▸ **Task directions**:
In the material below, find the line with "Geometric Stainless Steel" and the line with "Girls Pastel Tartan Summer Dress. Size 6X", then output both and every line between them exactly, omitting pictures.
Records supplied Start Marker
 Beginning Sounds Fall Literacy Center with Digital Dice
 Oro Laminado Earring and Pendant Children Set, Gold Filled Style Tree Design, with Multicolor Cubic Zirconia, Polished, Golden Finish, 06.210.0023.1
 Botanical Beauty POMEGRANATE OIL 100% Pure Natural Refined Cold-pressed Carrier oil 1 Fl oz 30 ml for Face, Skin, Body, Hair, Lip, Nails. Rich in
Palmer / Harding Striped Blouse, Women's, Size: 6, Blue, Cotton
Records supplied End Marker
Records supplied Start Marker
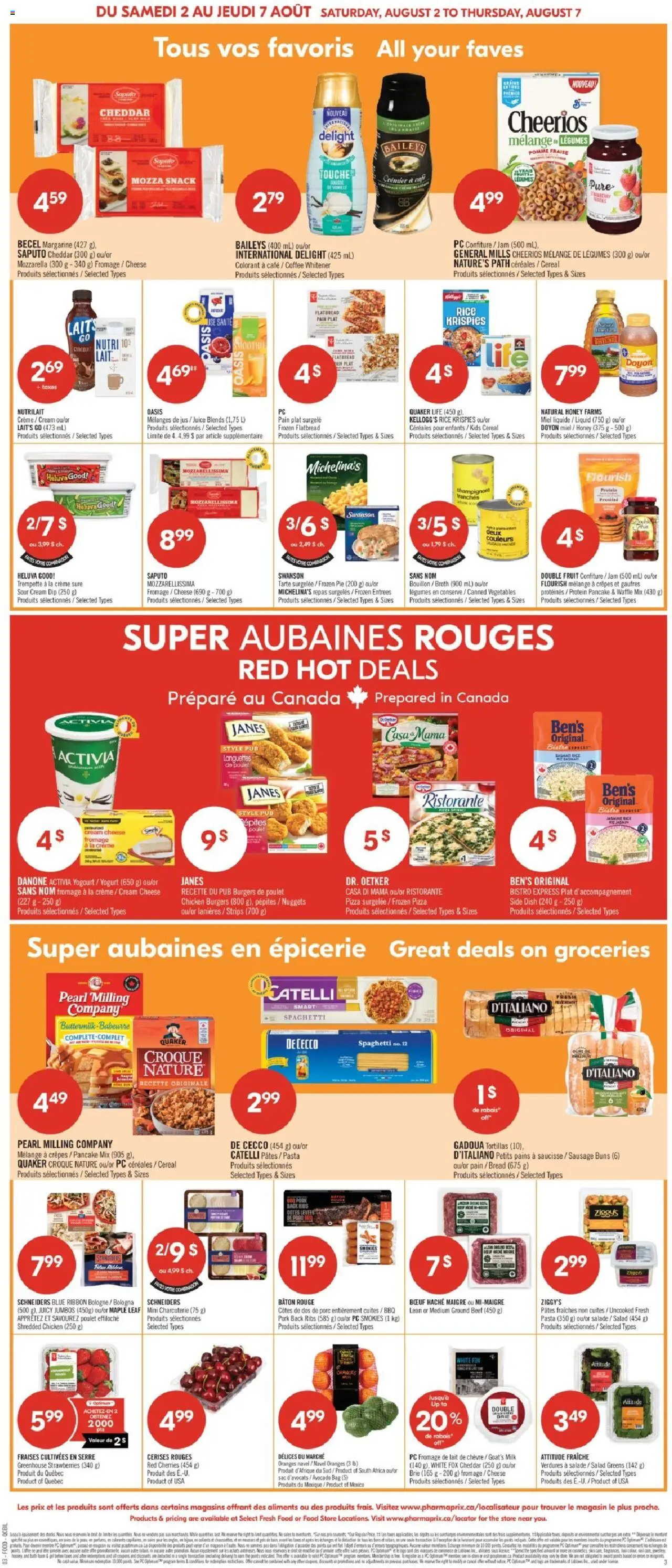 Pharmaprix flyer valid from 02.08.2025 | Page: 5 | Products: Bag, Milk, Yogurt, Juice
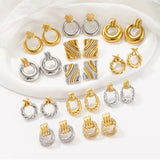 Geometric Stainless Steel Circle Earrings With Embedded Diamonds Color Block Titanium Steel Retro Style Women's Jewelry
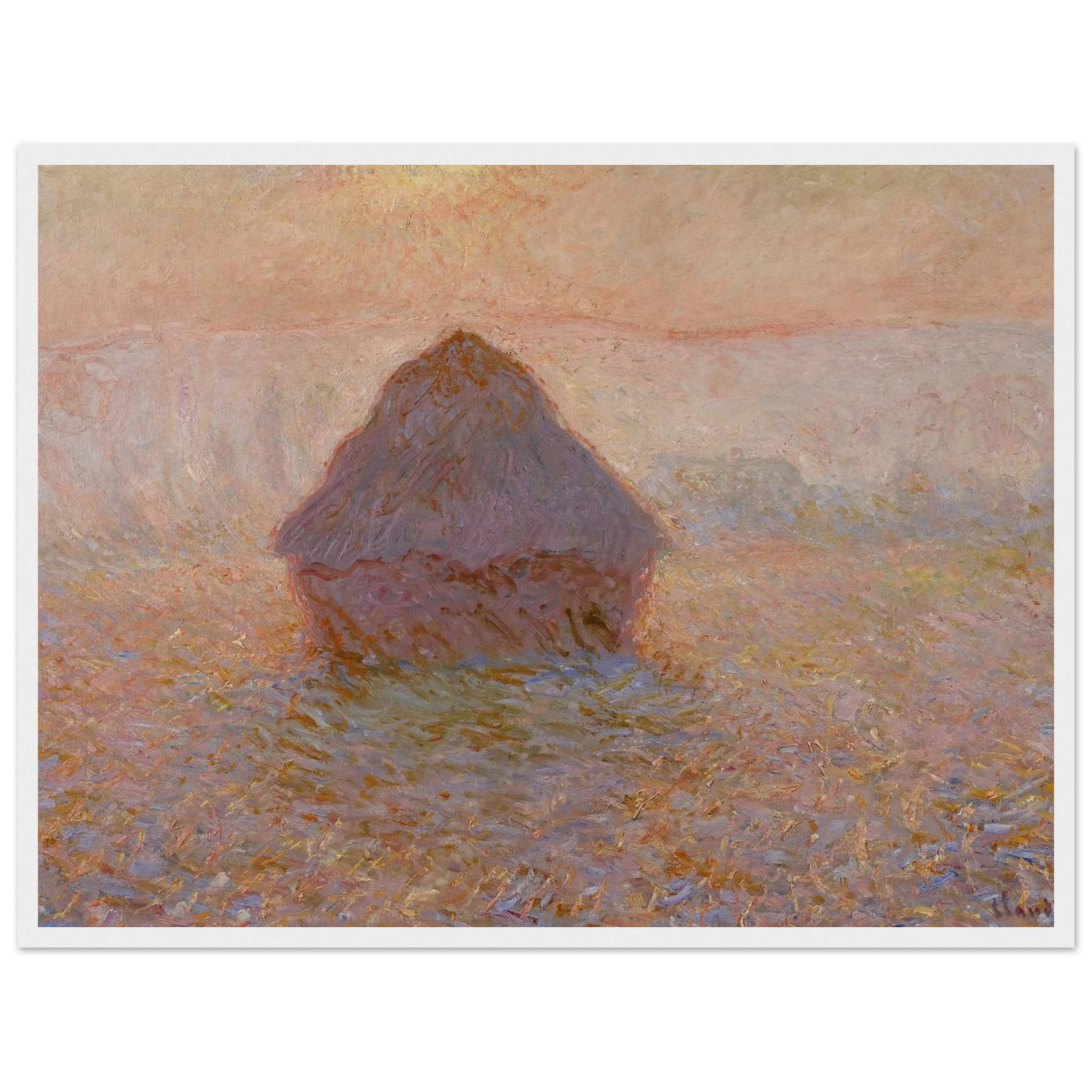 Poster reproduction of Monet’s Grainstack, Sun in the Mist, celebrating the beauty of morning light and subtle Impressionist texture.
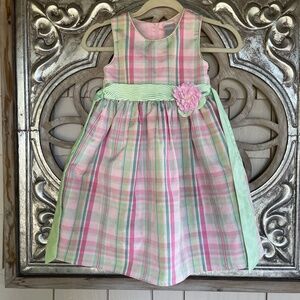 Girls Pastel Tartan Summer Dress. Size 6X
Records supplied End Marker
▸ **Solution to this exercise**:
 Geometric Stainless Steel Circle Earrings With Embedded Diamonds Color Block Titanium Steel Retro Style Women's Jewelry
 Poster reproduction of Monet’s Grainstack, Sun in the Mist, celebrating the beauty of morning light and subtle Impressionist texture.
 Girls Pastel Tartan Summer Dress. Size 6X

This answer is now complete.